I'm confused about when it's happening though! Does anyone have a reliable source?

Here on the west coast, pacific time... I'm trying to figure out when I should start watching. I think the total phase starts at 10:11 p.m. eastern or 7:11 pacific but the eclipse "starts" earlier. What does one see before the total phase?


----------



## Userkare (Nov 17, 2014)

I found this site with an animation of what to expect.........


http://www.timeanddate.com/eclipse/lunar/2015-september-28

Part way down on the right side, enter your city and watch an animation or live.


----------



## james4beach (Nov 15, 2012)

That's fantastic, thanks so much


----------



## humble_pie (Jun 7, 2009)

did i tell you about the mohawk clan mother's moon ritual though?

part of is that you ask grandmother moon, at the time of the full moon, to take things out of your life. It's the beginning of the waning phase of the moon so it's a time to lose things.

james you could ask for terrorists to be kept away from your trip to turkey


----------



## My Own Advisor (Sep 24, 2012)

Looking awesome in Ottawa so far... clear night...beautiful.


----------



## james4beach (Nov 15, 2012)

humble_pie said:


> james you could ask for terrorists to be kept away from your trip to turkey


I honestly don't see the harm in asking grandmother moon. Thanks, I will.


----------



## wendi1 (Oct 2, 2013)

It's a bit like watching the speedometer tick over to 100,000 kms. Might be pretty, though.


----------



## Userkare (Nov 17, 2014)

wendi1 said:


> It's a bit like watching the speedometer tick over to 100,000 kms. Might be pretty, though.


Or watch your Toyota get stuck at 299,999. http://socalspeedometer.com/speedometer-dies-at-299999-km-or-miles-why/


----------



## cashinstinct (Apr 4, 2009)

so markets drop tomorrow thanks to this
moon? no thanks!


----------



## Moneytoo (Mar 26, 2014)

Cloudy in Toronto, can't see the moon... sigh But we'll go outside in half an hour anyway, maybe there'll be a window of opportunity


----------



## humble_pie (Jun 7, 2009)

james4beach said:


> I honestly don't see the harm in asking grandmother moon



i believe talking about it might zap the success. There are several moons before your trip, though? so plenty more opportunities, just don't tell in advance.
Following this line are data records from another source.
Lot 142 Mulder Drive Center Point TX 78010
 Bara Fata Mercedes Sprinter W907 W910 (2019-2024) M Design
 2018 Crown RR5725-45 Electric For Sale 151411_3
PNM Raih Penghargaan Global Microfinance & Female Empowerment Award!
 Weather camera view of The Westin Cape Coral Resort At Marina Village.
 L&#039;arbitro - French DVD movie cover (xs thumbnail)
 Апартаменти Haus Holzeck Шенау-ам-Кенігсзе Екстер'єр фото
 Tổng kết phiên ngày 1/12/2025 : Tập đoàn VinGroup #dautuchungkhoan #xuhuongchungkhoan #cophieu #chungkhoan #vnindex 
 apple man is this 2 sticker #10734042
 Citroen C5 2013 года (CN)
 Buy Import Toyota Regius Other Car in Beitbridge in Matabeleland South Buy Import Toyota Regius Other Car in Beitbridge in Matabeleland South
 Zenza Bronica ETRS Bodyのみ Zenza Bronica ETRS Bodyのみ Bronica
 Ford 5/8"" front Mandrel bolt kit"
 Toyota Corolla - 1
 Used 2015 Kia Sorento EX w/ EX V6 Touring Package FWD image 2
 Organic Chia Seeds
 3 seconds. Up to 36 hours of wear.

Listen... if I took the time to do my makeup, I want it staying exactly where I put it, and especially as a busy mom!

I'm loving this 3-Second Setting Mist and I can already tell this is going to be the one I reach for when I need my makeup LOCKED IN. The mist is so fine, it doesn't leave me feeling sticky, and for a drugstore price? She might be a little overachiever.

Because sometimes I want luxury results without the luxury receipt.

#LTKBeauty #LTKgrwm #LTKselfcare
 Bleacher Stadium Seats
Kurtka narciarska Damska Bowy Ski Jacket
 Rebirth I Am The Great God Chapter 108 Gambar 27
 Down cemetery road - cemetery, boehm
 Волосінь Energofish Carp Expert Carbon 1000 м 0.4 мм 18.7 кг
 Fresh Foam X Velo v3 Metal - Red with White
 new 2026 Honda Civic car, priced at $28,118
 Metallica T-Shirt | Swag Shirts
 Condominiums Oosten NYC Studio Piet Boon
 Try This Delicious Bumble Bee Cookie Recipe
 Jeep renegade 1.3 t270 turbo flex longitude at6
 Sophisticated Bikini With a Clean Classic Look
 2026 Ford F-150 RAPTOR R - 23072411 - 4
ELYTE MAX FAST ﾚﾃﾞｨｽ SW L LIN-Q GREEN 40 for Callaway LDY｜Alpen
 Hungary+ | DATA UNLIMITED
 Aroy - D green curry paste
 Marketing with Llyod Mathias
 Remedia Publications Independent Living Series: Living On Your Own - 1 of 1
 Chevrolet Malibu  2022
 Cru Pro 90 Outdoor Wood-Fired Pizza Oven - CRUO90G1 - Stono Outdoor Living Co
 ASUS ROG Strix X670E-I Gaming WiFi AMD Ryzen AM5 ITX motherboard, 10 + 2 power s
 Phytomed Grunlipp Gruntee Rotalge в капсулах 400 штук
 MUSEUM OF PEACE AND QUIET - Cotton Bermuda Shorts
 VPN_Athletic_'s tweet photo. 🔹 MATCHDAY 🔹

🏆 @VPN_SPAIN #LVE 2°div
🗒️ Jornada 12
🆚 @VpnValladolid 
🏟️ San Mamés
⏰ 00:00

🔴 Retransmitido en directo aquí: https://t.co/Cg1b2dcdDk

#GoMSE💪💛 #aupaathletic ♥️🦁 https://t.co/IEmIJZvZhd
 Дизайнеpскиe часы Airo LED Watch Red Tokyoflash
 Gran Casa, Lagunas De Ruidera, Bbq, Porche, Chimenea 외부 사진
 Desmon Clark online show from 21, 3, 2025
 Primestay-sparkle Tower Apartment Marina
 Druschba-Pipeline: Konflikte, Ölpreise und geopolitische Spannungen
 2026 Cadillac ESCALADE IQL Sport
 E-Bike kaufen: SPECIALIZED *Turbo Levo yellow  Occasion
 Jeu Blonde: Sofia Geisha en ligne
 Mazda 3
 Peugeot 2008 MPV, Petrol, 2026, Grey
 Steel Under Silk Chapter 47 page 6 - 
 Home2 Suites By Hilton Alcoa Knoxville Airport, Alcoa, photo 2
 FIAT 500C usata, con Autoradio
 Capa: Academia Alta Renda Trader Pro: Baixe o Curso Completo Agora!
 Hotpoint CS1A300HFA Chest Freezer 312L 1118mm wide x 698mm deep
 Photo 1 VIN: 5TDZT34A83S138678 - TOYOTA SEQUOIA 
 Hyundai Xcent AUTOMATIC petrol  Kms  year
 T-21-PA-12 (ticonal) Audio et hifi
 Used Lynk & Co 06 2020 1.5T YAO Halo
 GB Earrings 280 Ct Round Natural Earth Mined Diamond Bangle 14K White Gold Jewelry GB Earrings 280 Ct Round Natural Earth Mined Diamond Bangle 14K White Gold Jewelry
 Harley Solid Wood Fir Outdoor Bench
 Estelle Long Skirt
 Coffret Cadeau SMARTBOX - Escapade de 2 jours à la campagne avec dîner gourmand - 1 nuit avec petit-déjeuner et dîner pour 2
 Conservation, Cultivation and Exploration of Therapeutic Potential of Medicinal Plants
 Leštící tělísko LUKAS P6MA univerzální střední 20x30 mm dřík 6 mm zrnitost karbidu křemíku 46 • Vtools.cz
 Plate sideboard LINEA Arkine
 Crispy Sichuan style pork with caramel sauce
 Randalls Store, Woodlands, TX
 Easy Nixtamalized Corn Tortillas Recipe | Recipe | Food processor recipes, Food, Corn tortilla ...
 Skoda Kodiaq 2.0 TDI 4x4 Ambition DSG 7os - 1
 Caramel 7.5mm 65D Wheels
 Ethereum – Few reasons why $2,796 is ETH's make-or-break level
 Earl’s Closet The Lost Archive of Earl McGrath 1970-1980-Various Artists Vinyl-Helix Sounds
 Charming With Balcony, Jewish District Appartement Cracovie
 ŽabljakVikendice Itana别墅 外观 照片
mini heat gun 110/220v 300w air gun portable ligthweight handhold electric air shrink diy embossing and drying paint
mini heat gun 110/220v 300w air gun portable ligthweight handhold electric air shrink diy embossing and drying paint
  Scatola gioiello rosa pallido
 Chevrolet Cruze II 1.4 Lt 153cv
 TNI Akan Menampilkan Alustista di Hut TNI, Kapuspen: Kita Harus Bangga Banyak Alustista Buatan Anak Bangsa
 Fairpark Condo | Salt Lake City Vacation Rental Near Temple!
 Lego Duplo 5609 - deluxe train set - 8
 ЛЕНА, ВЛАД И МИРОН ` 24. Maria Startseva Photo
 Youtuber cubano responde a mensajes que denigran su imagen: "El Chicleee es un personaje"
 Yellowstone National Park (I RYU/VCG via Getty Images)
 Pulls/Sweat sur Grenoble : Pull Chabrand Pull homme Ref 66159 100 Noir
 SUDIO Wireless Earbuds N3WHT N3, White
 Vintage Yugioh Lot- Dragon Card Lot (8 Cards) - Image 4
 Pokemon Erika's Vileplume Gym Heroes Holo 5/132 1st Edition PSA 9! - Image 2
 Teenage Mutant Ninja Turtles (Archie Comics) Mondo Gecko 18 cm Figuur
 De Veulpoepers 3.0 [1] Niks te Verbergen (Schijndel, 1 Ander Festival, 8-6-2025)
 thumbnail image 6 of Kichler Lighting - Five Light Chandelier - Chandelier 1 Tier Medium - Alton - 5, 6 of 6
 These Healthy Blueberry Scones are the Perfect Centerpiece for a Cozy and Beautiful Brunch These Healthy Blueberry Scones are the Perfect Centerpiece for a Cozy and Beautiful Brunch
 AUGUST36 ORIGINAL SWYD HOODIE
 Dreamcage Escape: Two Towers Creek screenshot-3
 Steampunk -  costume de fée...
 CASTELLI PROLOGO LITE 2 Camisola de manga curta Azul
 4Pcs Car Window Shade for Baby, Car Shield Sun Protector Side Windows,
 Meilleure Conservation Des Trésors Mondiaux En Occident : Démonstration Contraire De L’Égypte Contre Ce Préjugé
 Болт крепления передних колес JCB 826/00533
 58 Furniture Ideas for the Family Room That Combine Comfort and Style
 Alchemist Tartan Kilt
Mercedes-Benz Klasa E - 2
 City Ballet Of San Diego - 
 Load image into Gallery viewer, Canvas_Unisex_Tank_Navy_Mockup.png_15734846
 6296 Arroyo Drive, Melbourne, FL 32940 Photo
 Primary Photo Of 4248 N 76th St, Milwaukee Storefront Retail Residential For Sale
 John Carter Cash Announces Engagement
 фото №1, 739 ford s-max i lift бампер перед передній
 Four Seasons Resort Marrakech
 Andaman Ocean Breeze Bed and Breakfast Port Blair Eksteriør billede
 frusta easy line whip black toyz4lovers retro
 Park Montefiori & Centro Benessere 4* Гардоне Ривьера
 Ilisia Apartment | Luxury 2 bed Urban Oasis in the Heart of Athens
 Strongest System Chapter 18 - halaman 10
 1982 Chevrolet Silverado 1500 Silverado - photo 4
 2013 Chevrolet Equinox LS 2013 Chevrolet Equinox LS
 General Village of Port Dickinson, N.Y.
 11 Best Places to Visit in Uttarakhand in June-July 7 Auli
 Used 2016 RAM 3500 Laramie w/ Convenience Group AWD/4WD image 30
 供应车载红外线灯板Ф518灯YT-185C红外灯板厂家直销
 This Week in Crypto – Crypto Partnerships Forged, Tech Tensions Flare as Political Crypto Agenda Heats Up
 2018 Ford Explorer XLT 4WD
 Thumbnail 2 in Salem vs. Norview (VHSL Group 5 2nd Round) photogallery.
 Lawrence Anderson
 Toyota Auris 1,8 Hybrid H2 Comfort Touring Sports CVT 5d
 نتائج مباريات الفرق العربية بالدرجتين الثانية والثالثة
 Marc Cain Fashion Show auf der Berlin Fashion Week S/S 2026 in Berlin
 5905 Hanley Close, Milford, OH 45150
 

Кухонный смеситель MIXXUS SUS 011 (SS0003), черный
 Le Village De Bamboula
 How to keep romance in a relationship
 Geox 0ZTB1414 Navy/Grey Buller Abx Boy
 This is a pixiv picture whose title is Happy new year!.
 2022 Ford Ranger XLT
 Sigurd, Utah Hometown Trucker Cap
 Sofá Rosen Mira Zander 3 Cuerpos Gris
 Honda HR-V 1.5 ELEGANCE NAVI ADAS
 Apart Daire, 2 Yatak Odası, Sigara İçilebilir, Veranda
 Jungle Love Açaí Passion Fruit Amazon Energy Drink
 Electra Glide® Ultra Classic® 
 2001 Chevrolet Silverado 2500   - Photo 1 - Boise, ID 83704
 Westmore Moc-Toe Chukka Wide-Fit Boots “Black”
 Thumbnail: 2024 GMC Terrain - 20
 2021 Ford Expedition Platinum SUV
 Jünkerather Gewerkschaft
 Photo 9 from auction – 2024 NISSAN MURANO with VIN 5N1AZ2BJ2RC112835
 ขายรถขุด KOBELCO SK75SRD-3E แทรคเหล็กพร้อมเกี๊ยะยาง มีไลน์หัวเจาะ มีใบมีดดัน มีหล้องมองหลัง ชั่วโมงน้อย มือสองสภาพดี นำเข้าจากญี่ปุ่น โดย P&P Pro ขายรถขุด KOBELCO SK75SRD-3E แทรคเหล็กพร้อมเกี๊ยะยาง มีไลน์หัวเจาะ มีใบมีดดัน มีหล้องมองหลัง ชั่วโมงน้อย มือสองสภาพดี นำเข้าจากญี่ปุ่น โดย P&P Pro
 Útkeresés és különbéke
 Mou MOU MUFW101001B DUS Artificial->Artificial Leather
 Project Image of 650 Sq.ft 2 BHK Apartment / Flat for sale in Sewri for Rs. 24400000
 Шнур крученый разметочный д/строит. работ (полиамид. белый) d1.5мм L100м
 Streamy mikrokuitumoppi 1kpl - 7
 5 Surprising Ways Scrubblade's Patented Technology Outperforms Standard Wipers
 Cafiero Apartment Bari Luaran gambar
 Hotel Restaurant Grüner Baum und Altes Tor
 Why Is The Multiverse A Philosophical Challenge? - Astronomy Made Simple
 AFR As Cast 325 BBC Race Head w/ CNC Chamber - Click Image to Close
keep in mind that a new moon works just as well. It's a waxing moon, it will grow bigger. It's a time to ask for things that one wants to get, such as a safe trip to turkey


----------



## james4beach (Nov 15, 2012)

This was spectacular. Clear sky here, lots of people in the building came up to the rooftop patio and we all watched it. Lots of drinking and moon gazin'


----------



## cainvest (May 1, 2013)

Had a good view here as well, just a few clouds passing here and there.


----------



## james4beach (Nov 15, 2012)

That's a great photo, how did you take that? What kind of camera?


----------



## cainvest (May 1, 2013)

Just a cheap Canon DSLR with 200mm lens on a tripod from my backyard.


----------



## Spudd (Oct 11, 2011)

That's a gorgeous shot! We had full cloud cover here so couldn't see a thing.


----------



## cashinstinct (Apr 4, 2009)

cashinstinct said:


> so markets drop tomorrow thanks to this
> moon? no thanks!


Seems like I was right :biggrin:


----------



## Moneytoo (Mar 26, 2014)

cashinstinct said:


> Seems like I was right :biggrin:


Yep - and I'm happy to have seen the beautiful shot of the bloody moon and that some of the orders got filled today :biggrin:


----------



## humble_pie (Jun 7, 2009)

cainvest said:


> Had a good view here as well, just a few clouds passing here and there.
> 
> View attachment 6057




such a beautiful picture! that is a perfect man-in-the-moon, no?


----------